→ **TASK REQUIREMENTS**
From the data below, copy exactly the lines that lie between the one holding "4 Prong Round" and the one holding "Смеситель встраиваемый с", including both, and nothing more.

[Scraped caption text data]
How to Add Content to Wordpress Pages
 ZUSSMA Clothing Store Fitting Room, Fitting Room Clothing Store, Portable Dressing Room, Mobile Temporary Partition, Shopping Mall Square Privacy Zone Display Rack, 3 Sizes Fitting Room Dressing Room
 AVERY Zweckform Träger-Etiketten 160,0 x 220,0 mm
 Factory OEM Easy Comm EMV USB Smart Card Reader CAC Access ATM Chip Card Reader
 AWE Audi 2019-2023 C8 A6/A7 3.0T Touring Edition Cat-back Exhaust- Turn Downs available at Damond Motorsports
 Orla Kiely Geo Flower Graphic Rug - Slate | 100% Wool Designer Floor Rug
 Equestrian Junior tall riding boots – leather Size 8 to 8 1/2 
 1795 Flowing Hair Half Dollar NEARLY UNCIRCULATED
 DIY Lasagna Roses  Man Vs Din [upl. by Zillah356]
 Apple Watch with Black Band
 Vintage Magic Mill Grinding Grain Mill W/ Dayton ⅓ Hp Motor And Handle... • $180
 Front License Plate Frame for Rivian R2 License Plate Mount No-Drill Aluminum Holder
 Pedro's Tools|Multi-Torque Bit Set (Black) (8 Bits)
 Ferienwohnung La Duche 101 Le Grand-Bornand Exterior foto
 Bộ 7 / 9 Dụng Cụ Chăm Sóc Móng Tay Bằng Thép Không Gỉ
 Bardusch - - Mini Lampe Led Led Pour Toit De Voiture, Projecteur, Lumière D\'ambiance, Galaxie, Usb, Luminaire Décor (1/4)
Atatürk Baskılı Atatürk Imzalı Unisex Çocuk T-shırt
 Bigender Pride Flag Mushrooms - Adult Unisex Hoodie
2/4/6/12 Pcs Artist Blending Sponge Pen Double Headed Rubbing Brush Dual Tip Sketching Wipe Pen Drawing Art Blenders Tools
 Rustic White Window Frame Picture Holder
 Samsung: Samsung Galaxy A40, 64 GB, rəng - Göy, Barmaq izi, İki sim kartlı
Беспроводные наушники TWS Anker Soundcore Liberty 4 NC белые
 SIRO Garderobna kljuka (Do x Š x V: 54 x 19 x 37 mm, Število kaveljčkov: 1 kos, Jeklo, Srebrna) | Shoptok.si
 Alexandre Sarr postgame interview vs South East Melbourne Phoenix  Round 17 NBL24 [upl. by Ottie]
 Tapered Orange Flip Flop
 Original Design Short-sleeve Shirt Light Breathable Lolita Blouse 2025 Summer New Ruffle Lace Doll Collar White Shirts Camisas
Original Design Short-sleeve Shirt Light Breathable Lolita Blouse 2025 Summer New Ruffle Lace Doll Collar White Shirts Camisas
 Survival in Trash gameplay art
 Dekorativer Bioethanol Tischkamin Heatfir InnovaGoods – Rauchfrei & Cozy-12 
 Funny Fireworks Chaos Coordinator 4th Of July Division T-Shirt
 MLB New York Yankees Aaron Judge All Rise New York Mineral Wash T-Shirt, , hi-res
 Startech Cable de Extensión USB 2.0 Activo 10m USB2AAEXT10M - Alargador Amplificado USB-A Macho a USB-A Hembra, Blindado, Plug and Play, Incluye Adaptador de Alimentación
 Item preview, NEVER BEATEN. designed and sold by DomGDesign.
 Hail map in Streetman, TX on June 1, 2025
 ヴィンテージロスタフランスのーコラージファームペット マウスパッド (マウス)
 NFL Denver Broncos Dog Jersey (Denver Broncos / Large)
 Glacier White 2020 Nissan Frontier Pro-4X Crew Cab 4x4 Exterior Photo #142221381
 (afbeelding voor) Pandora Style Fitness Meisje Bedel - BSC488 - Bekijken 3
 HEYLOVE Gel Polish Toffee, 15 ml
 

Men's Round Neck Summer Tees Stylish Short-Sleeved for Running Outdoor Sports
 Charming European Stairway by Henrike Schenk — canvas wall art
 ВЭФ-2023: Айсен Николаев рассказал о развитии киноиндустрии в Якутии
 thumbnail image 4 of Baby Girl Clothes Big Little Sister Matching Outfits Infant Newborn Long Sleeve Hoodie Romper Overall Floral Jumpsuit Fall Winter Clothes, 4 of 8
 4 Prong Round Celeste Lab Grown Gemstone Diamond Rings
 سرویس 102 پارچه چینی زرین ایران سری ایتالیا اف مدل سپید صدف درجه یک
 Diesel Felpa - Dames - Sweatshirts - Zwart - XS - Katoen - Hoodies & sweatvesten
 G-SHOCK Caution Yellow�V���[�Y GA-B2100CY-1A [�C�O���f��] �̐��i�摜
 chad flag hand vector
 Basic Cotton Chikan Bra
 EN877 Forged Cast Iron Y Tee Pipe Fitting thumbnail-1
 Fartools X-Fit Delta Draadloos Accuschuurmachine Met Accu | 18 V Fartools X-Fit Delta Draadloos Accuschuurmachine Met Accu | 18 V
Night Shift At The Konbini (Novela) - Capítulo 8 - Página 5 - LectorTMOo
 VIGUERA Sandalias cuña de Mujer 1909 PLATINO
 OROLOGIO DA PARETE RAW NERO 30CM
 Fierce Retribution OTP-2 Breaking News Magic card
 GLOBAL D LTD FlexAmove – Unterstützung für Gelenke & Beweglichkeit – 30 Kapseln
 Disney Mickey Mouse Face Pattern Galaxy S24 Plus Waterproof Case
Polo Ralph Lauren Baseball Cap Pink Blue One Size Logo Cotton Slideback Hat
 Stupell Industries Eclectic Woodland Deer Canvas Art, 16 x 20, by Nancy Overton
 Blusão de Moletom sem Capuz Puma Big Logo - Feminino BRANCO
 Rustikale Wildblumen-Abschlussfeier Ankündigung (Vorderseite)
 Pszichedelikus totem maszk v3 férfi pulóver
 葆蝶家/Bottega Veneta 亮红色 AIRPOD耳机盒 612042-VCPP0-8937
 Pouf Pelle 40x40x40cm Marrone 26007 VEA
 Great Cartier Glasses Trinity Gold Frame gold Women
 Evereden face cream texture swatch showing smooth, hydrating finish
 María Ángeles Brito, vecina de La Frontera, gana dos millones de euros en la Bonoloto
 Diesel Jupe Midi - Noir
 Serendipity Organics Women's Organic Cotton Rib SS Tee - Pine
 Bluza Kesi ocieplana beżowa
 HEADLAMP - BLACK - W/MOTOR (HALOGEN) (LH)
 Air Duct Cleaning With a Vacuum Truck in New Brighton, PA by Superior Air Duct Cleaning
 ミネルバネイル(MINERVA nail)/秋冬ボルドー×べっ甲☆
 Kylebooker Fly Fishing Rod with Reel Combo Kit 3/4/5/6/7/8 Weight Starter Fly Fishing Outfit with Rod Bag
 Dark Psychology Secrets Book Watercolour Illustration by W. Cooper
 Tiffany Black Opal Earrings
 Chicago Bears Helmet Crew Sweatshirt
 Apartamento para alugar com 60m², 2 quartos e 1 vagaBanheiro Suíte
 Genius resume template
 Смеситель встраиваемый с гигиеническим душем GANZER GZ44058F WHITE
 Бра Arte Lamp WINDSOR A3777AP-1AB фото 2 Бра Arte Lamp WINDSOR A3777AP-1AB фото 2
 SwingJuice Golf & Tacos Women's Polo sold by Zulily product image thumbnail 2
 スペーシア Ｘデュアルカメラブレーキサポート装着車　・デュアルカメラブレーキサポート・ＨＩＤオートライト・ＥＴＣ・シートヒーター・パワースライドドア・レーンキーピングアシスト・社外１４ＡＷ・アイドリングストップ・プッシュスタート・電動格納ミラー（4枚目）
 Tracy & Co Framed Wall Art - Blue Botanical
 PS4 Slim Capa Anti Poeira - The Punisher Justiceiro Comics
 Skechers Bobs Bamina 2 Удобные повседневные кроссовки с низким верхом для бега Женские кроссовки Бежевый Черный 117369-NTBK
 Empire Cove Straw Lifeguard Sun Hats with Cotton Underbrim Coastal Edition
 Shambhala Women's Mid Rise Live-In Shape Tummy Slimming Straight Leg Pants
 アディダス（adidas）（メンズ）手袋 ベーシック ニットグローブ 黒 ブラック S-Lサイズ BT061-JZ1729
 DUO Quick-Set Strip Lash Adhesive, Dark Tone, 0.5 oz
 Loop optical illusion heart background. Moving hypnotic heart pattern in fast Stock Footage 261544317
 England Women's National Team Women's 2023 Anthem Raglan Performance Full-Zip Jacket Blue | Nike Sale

→ **OUTPUT OF THE TASK**
 4 Prong Round Celeste Lab Grown Gemstone Diamond Rings
 سرویس 102 پارچه چینی زرین ایران سری ایتالیا اف مدل سپید صدف درجه یک
 Diesel Felpa - Dames - Sweatshirts - Zwart - XS - Katoen - Hoodies & sweatvesten
 G-SHOCK Caution Yellow�V���[�Y GA-B2100CY-1A [�C�O���f��] �̐��i�摜
 chad flag hand vector
 Basic Cotton Chikan Bra
 EN877 Forged Cast Iron Y Tee Pipe Fitting thumbnail-1
 Fartools X-Fit Delta Draadloos Accuschuurmachine Met Accu | 18 V Fartools X-Fit Delta Draadloos Accuschuurmachine Met Accu | 18 V
Night Shift At The Konbini (Novela) - Capítulo 8 - Página 5 - LectorTMOo
 VIGUERA Sandalias cuña de Mujer 1909 PLATINO
 OROLOGIO DA PARETE RAW NERO 30CM
 Fierce Retribution OTP-2 Breaking News Magic card
 GLOBAL D LTD FlexAmove – Unterstützung für Gelenke & Beweglichkeit – 30 Kapseln
 Disney Mickey Mouse Face Pattern Galaxy S24 Plus Waterproof Case
Polo Ralph Lauren Baseball Cap Pink Blue One Size Logo Cotton Slideback Hat
 Stupell Industries Eclectic Woodland Deer Canvas Art, 16 x 20, by Nancy Overton
 Blusão de Moletom sem Capuz Puma Big Logo - Feminino BRANCO
 Rustikale Wildblumen-Abschlussfeier Ankündigung (Vorderseite)
 Pszichedelikus totem maszk v3 férfi pulóver
 葆蝶家/Bottega Veneta 亮红色 AIRPOD耳机盒 612042-VCPP0-8937
 Pouf Pelle 40x40x40cm Marrone 26007 VEA
 Great Cartier Glasses Trinity Gold Frame gold Women
 Evereden face cream texture swatch showing smooth, hydrating finish
 María Ángeles Brito, vecina de La Frontera, gana dos millones de euros en la Bonoloto
 Diesel Jupe Midi - Noir
 Serendipity Organics Women's Organic Cotton Rib SS Tee - Pine
 Bluza Kesi ocieplana beżowa
 HEADLAMP - BLACK - W/MOTOR (HALOGEN) (LH)
 Air Duct Cleaning With a Vacuum Truck in New Brighton, PA by Superior Air Duct Cleaning
 ミネルバネイル(MINERVA nail)/秋冬ボルドー×べっ甲☆
 Kylebooker Fly Fishing Rod with Reel Combo Kit 3/4/5/6/7/8 Weight Starter Fly Fishing Outfit with Rod Bag
 Dark Psychology Secrets Book Watercolour Illustration by W. Cooper
 Tiffany Black Opal Earrings
 Chicago Bears Helmet Crew Sweatshirt
 Apartamento para alugar com 60m², 2 quartos e 1 vagaBanheiro Suíte
 Genius resume template
 Смеситель встраиваемый с гигиеническим душем GANZER GZ44058F WHITE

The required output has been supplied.